Follow Me

Saturday, May 18, 2019

Menyesali Suatu Masa

Bismillah.


Siang itu seorang kawan lama berkunjung ke rumah. Ia memberikanku kain 2,5 meter bersama kabar rencana bahagia darinya. Sudah lama kami tak bersua, tapi ia termasuk salah satu orang yang tahu saat aku jatuh dan berusaha bangkit.

Hal pertama yang ia komentari adalah nada/logat bicaraku. Katanya lebih mirip dengan nada/logat khas sunda. Aku hanya menggeleng karena tak percaya. Memang ada beberapa partikel sunda yang masih sering aku pakai, "atuh" "da" "bisi", dll. Tapi logat? Dari dulu rasanya sama. Tidak pernah terlihat mencolok asli orang banyumasan yang ngapak, atau medhok khas jawa. Karena memang sejak kecil aku terbiasa berbahasa indonesia.

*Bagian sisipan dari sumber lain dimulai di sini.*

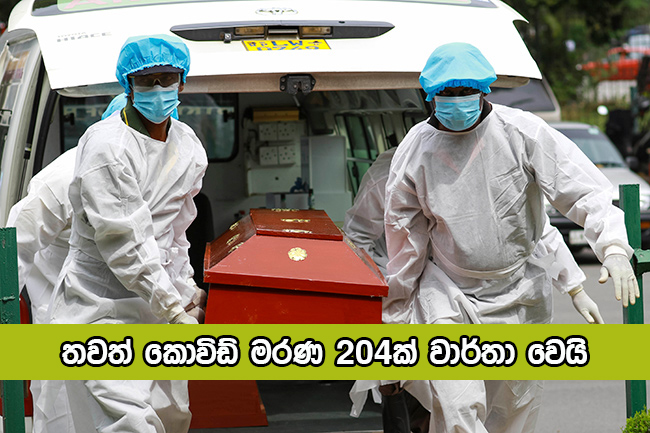 Covid Deaths in Sri Lanka Yesterday - තවත් කොවිඩ් මරණ 204ක් වාර්තා වෙයි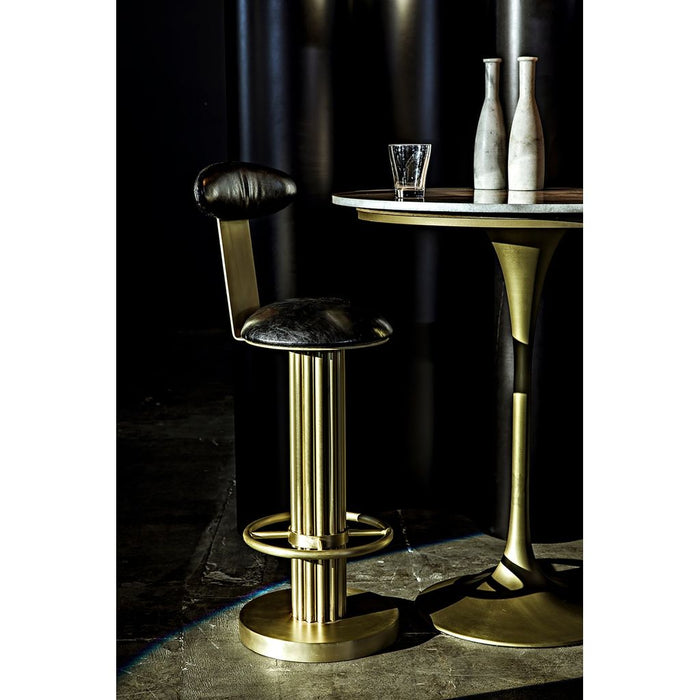 Noir Sedes Bar Stool, Steel w/ Brass Finish, 16" W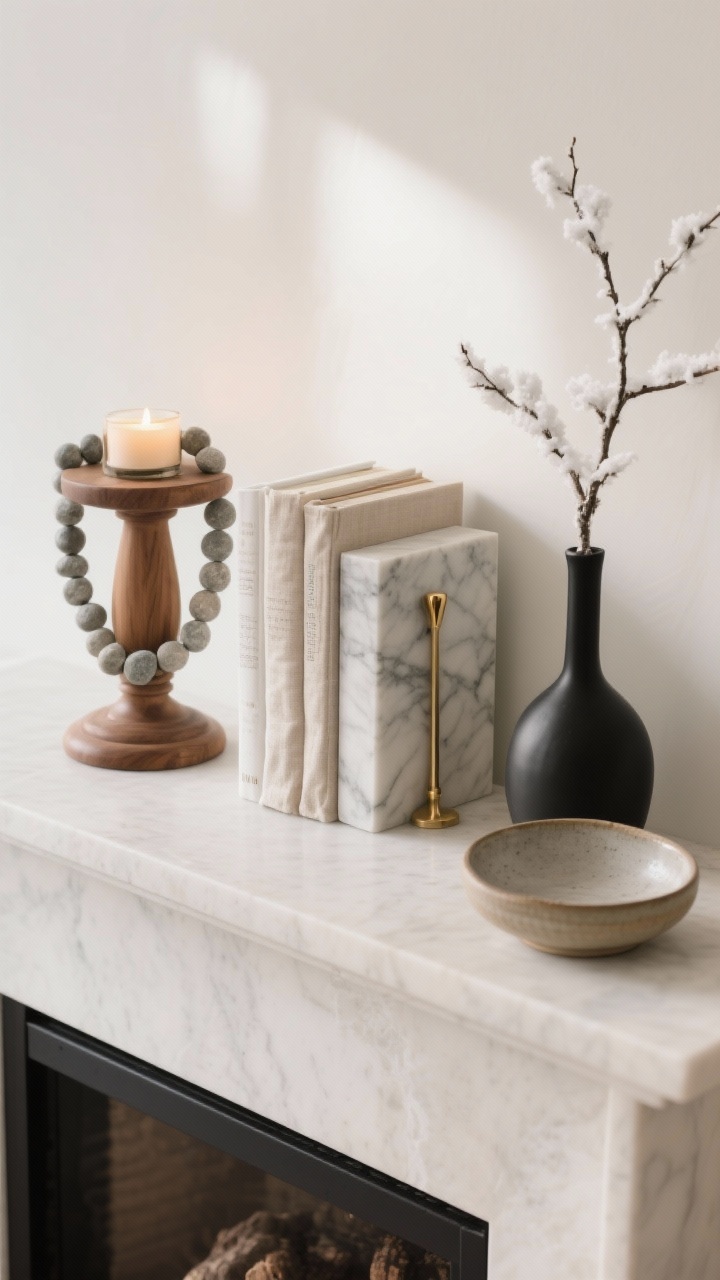 Photorealistic overhead detail of rotating winter vignettes on a mantel: three small scenes side-by-side to suggest swap-ability—1) wood pedestal with a stone bead strand and a single tea light; 2) marble bookends flanking linen-covered books with a brass match striker; 3) minimal black vase with a single winter branch beside a low ceramic dish. Neutral background, soft morning light.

Percakapan panjang terjalin dengannya. Tentang kabarnya, tentang prosesnya, tentang hijrahnya. Juga tentang kabar beberapa teman kami. Lalu kami nostalgia masa lalu, saat kami masih belum dewasa, kanak-kanak yang merasa sudah besar.

Katanya, ia menyesali masa tersebut. Ada dampak psikologis atau mental yang besar di sana. Kepercayaan dirinya banyak jatuh, dan ia banyak bimbang. Ia bercerita, bahwa ia menemukan dirinya kembali, kepercayaan dirinya, saat merantau dan duduk di bangku perkuliahan. Lingkungan baru, dan teman-teman yang benar-benar baru.

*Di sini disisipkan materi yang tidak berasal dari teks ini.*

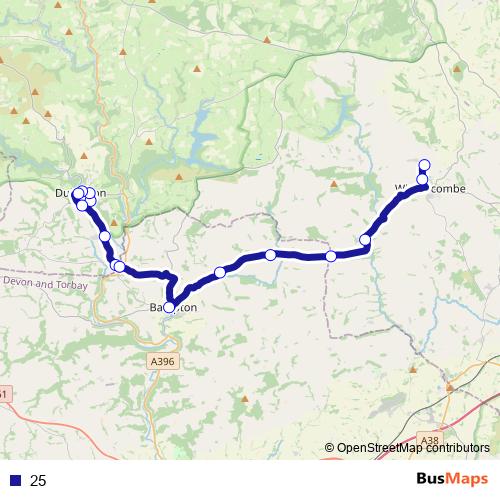 25 bus Line Map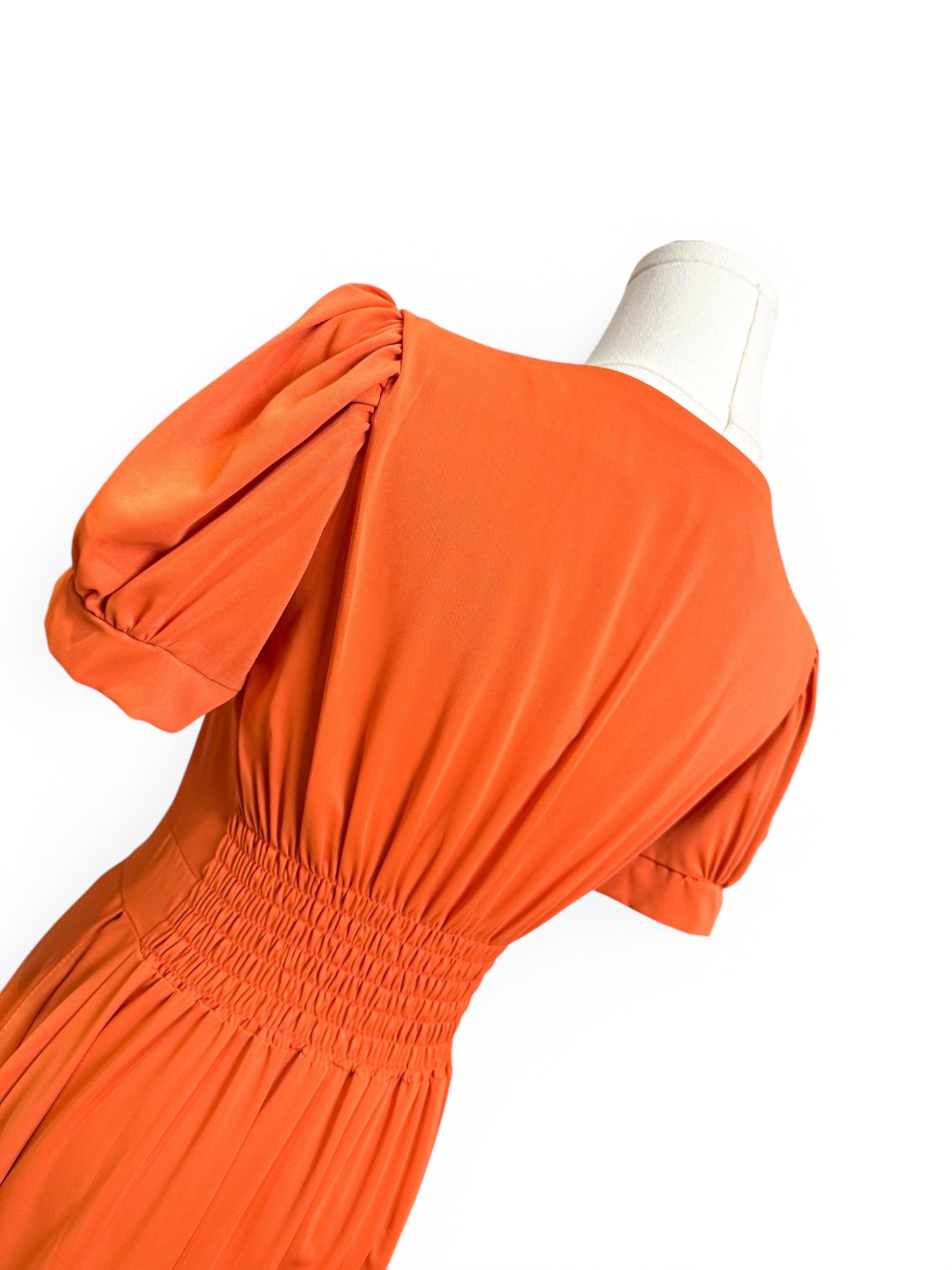 Orange Bustier Puff Sleeves Long Dress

Aku awalnya kaget mendengar pernyataannya. Aku tahu, lingkungan kami tumbuh dewasa saat itu memang tidak ideal. Aku pun menyimpan beberapa keping memori gelap di masa itu, yang kusimpan sendiri. Pengakuannya membuatku melihat ia dari kacamata berbeda. Aku kini bisa mengerti pilihan dan sikapnya dulu. Aku juga jadi paham, bahwa setiap orang punya masalah masing-masing dalam tumbuh kembang sisi emosionalnya. Saat itu kami belum bisa disebut dewasa, namun "realita" dengan tajam menabrak sisi-sisi psikologis kami.

***

Pernahkah kau menyesali suatu masa? Sehingga tanpa sadar pengandaian muncul saja. Kalau saja...

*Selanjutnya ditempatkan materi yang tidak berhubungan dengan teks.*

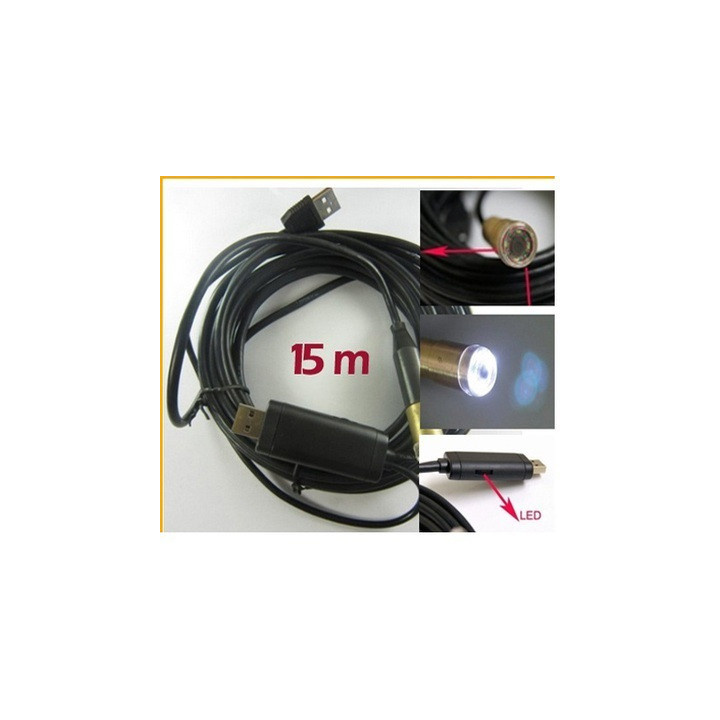 15m usb video cámara de inspección endoscopio tubo de color del tubo de desbloqueo llevó impermeable ip66 jr international - 8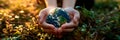caring hands cradling the Earth, symbolizing human responsibility and commitment to nurturing and protecting the planet Royalty Free Stock Photo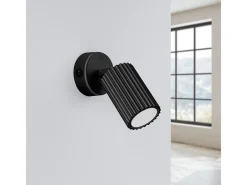 Sollux Lighting Lámpara De Pared Karbon Minimalista De Aluminio - 1 Fuentes Luminosas - L.8 X A.16 Cm - Negro Clearance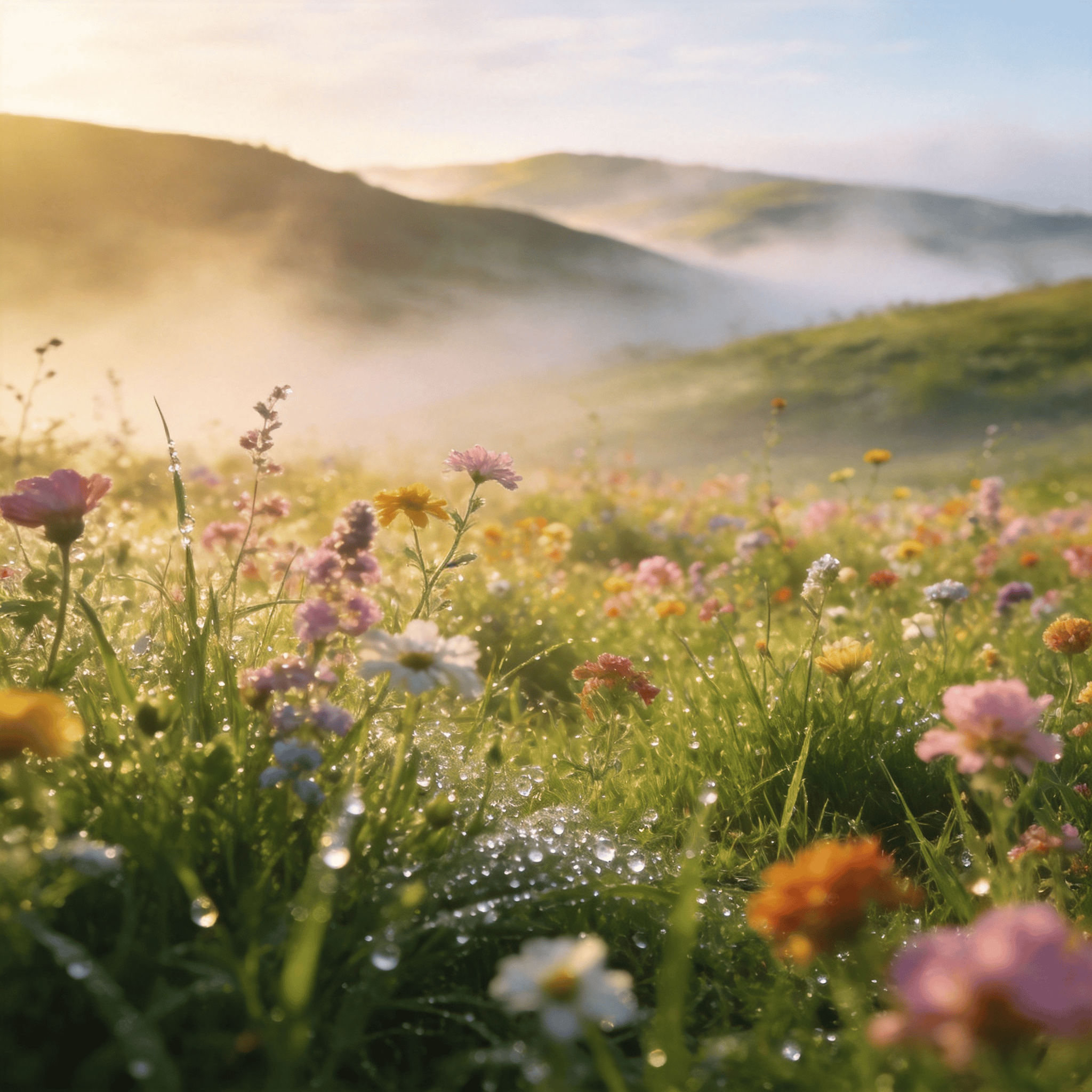 Fresh Green Spring Grass and Blooms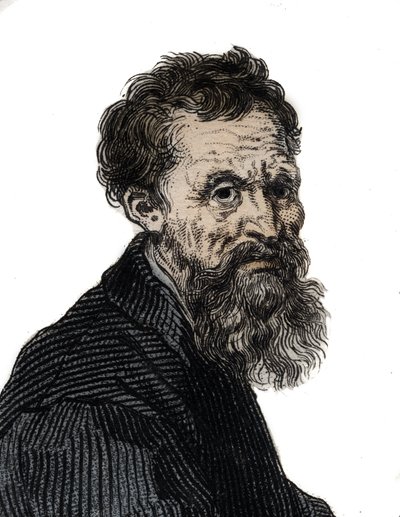 Portret włoskiego rzeźbiarza Michała Anioła Buonarrotiego - Portret Michała Anioła Buonarrotiego dit Michel Ange (Michelangelo lub Michelangelo autorstwa Unknown artist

Kalau untuk menjustifikasi, tentu rasanya ingin cepat-cepat mengingatkan, bahwa berandai-andai itu tidak boleh, dilarang, dan dapat membuat kita kufur nikmat.

Tapi kalau kita melihat dari kacamata manusiawi. Nyatanya, menyesali suatu masa mungkin pernah dirasakan semua orang. Beberapa orang mungkin hanya lintasan pikiran, yang segera diusir karena keimanan akan takdir yang sudah tertanam kokoh di hati. Beberapa yang lain sudah sampai mengundang pengandaian, tapi tidak bertahan lama, karena kecerdasannya mensyukuri nikmat dan mengambil hikmah setiap kejadian di masa lalu.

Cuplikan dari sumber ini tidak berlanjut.